The holidays are supposed to be the most wonderful time of the year, but it can also be one of the most stressful times of the year. Combine the individual stress of the holidays with the stress a loved one is experiencing and you could have an eggnog cocktail for pressure and arguing.
But being in a relationship during the holidays should not add to your stress, instead you should be able to work with your partner to ease things and have a truly happy holiday.
Here are four strategies that will show you how to muster the snow storm and get through the holiday stress with your loved one.
Twelve Dates of Christmas
There’s this thing longtime couples like to call “date night.” I don’t like it. In theory it’s a good idea—when a couple has two busy individuals that rarely have time to go out, they make sure to spend romantic time together by scheduling a date night. In real life however, couples should do everything they can to make sure it never gets to that point.

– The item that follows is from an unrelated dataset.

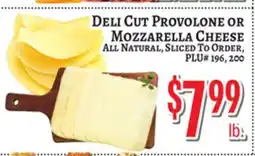 Trade Fair Supermarket DELI CUT PROVOLONE OR MOZZARELLA CHEESE offer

Dates should happen regularly enough that you don’t have to name it as though it’s some kind of rare, obscure event. This holiday season, in the midst of all that stress, couples should plan to go out with each other more often. It doesn’t have to be 12 dates—though that would be enjoyable—just make sure you take the time to go on more dates than usual. After a long day of holiday preparation and chores you may not feel like getting ready to go out, but when you do go out you will find it was well worth it.

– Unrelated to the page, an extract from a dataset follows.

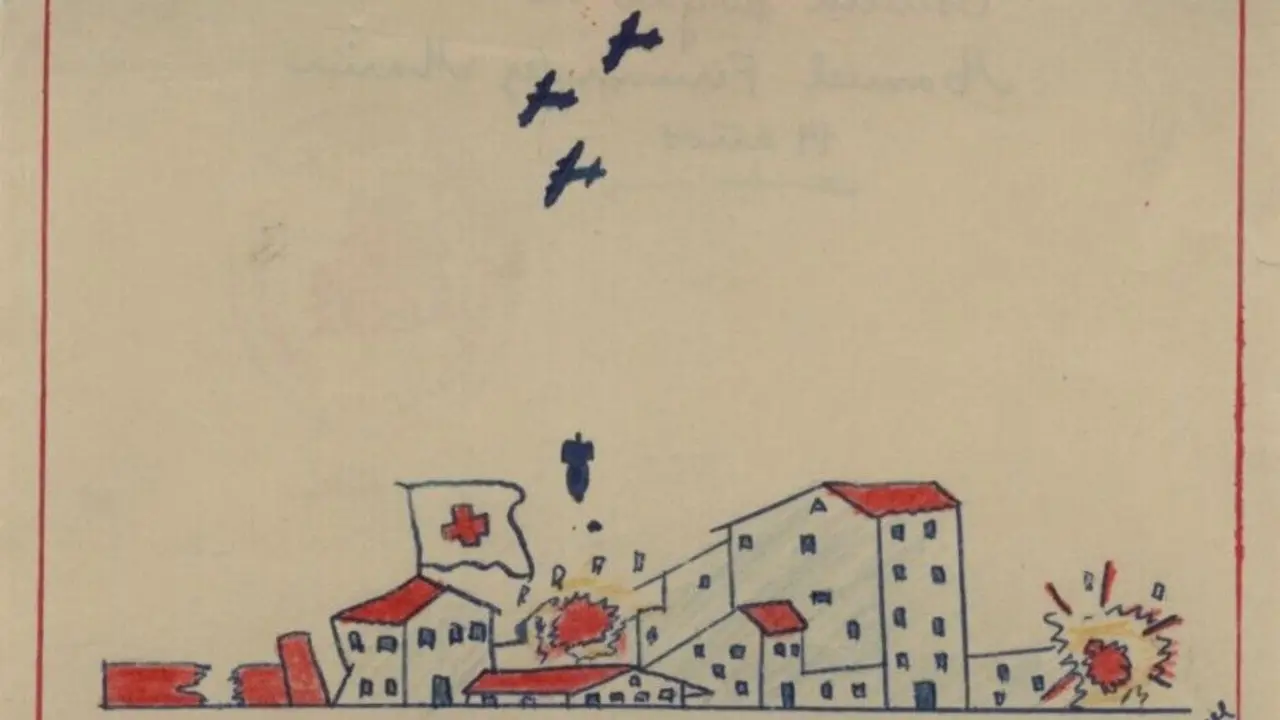 Dibujo de un ni&ntilde;o durante la Guerra civil espa&ntilde;ola.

Make a to do list. Check it twice.
Speaking of holiday preparation and chores, with so much to do and so many places to go, make a to do list. Instead of going back and forth from store to store, frantic and stressed, make a list ahead of time so you and your partner can be prepared. Preparation keeps you from being stressed and allows you to set times to know how long it will take you to complete everything that needs to be done. Additionally, time saved with planning means more time spent having fun with your partner.
Silent Night, Hold Each Other Night
Tandem meditation, whether during the day or at night, is beneficial any time of the year, but during the holidays it may be just what you need to reduce or remove your stress all together. The holidays tend to involve a great deal of running around from place to place and not enough stillness. Make sure to take the time to be still with your partner. Sit down somewhere quiet with your partner, hold onto them, and meditate together.

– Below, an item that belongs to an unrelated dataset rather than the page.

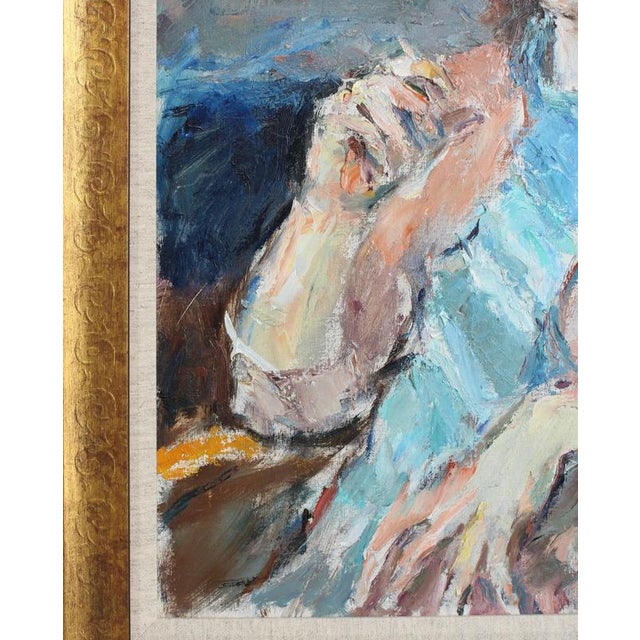 Carlo Striccoli, Woman Alone with Her Thoughts', 1960s, Oil on Canvas For Sale - Image 6 of 18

Do You Hear What I Hear? The Sound of a Couple Speaking to Each Other
Talk to your partner. Communication is a major part of the foundation for all healthy and fulfilling relationships. A couples’ inability to communicate with each other is one of the leading causes of a failed relationship. There are many reasons why couples choose not to communicate, whether it is from feeling awkward, making assumptions, or just not thinking it’s necessary. So let me clear this up for you: a couple that is good together should never feel uncomfortable talking to each other about issues that involve each other; a couple should never assume, because if the assumption is wrong, it can create a whole new mess of trouble; and communication is definitely necessary.
Don’t be afraid to address everything you feel is important. “Asking your partner what their individual expectations are for the holidays, what they anticipate, and clarifying what is and is not too much is key to handling holiday stress,” says Sweta Ahuja, a Southern California counseling intern, “Being as specific as possible with your partner communicates that you trust them to have your back and are willing to be a team player.” Communication in a relationship not only relieves stress, but it also opens doors to explore each other’s desires and connect even more deeply.
This holiday season, embrace the most wonderful time of year and appreciate that you have someone to help you get through the stress with you. Follow these four steps with your partner and stressful holidays will only be a ghost of holidays past. With your partner by your side, you can enjoy the present and look forward to holidays yet to come.